A third theme was validation of consumer requests and the need for detailed guidance around the process. Several speakers requested that the AG weigh in to clarify the remedies available to consumers, and potential consequences to business, of denying an unverifiable request.

A fourth theme was the time and effort that businesses have dedicated to operationalize the requirements of the European Union's General Data Protection Regulation (GDPR). Many consumers also are now generally aware of the broad rights and protections provided under the European law. To that end, commentators encouraged the AG to use the rulemaking process to bring California's law in closer harmony with GDPR.

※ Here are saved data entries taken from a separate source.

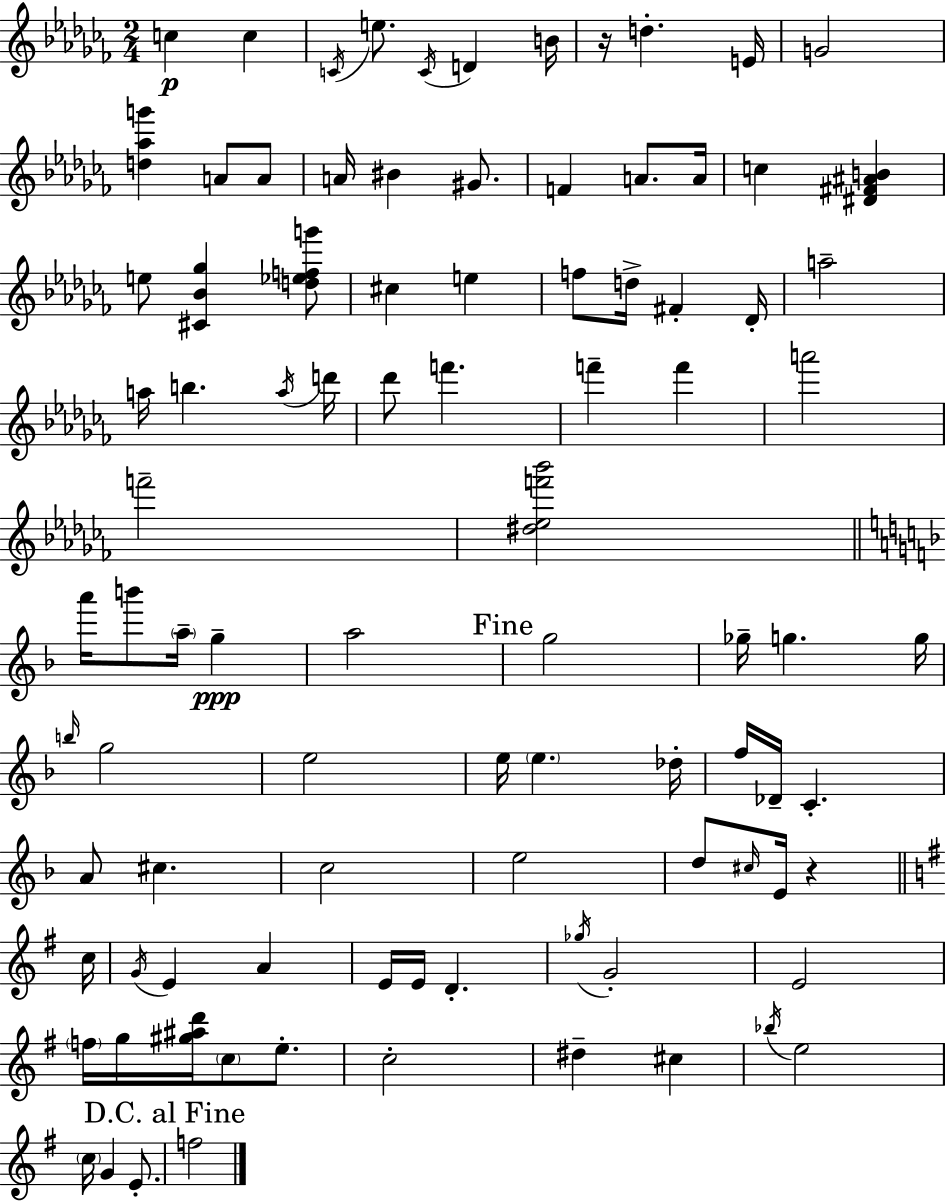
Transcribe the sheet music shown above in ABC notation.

X:1
T:Untitled
M:2/4
L:1/4
K:Abm
c c C/4 e/2 C/4 D B/4 z/4 d E/4 G2 [d_ag'] A/2 A/2 A/4 ^B ^G/2 F A/2 A/4 c [^D^F^AB] e/2 [^C_B_g] [d_efg']/2 ^c e f/2 d/4 ^F _D/4 a2 a/4 b a/4 d'/4 _d'/2 f' f' f' a'2 f'2 [^d_ef'_b']2 a'/4 b'/2 a/4 g a2 g2 _g/4 g g/4 b/4 g2 e2 e/4 e _d/4 f/4 _D/4 C A/2 ^c c2 e2 d/2 ^c/4 E/4 z c/4 G/4 E A E/4 E/4 D _g/4 G2 E2 f/4 g/4 [^g^ad']/4 c/2 e/2 c2 ^d ^c _b/4 e2 c/4 G E/2 f2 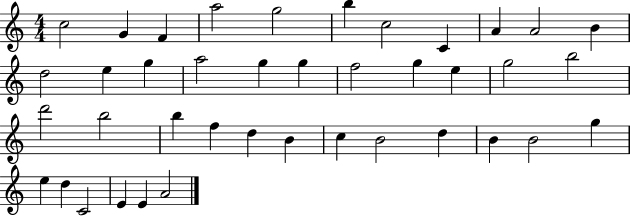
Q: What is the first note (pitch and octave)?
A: C5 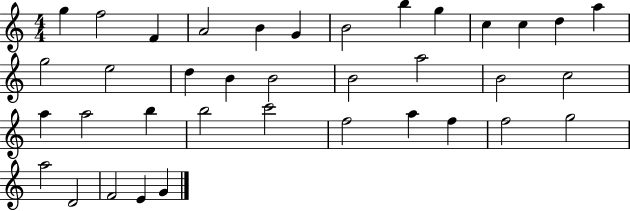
G5/q F5/h F4/q A4/h B4/q G4/q B4/h B5/q G5/q C5/q C5/q D5/q A5/q G5/h E5/h D5/q B4/q B4/h B4/h A5/h B4/h C5/h A5/q A5/h B5/q B5/h C6/h F5/h A5/q F5/q F5/h G5/h A5/h D4/h F4/h E4/q G4/q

Finally, speakers shined a light on enforcement issues. Recognizing staffing and funding challenges, commentators urged the AG to delegate some of its enforcement powers to local authorities in order to fulfill the law's enforcement mandate. Relatedly, business representatives emphasized the need for time to come into compliance after the rulemaking process is complete. Absent recognition of this reality in the regulations, businesses reasonably fear a wave of consumer litigation on January, as private actions are not subject to the July 2020 enforcement date applicable to government-filed actions.

What Comes Next

A transcript of the March 5 forum will be made available on the AG's CCPA website. You can also review transcripts of the six earlier public forums. Although this was the last of the scheduled public forums, the AG is still taking written comments through Friday, March 8, 2019.

The AG anticipates publishing its Notice of Proposed Regulatory Action by fall 2019. The public will have another opportunity to weigh in during the formal public comment period that follows issuance of the draft regulations.

The forthcoming regulations should clarify at least some of the steps toward implementing CCPA requirements. In the meantime, businesses should be taking steps to prepare, such as data mapping and making an inventory of vendors.

The content of this article is intended to provide a general guide to the subject matter. Specialist advice should be sought about your specific circumstances.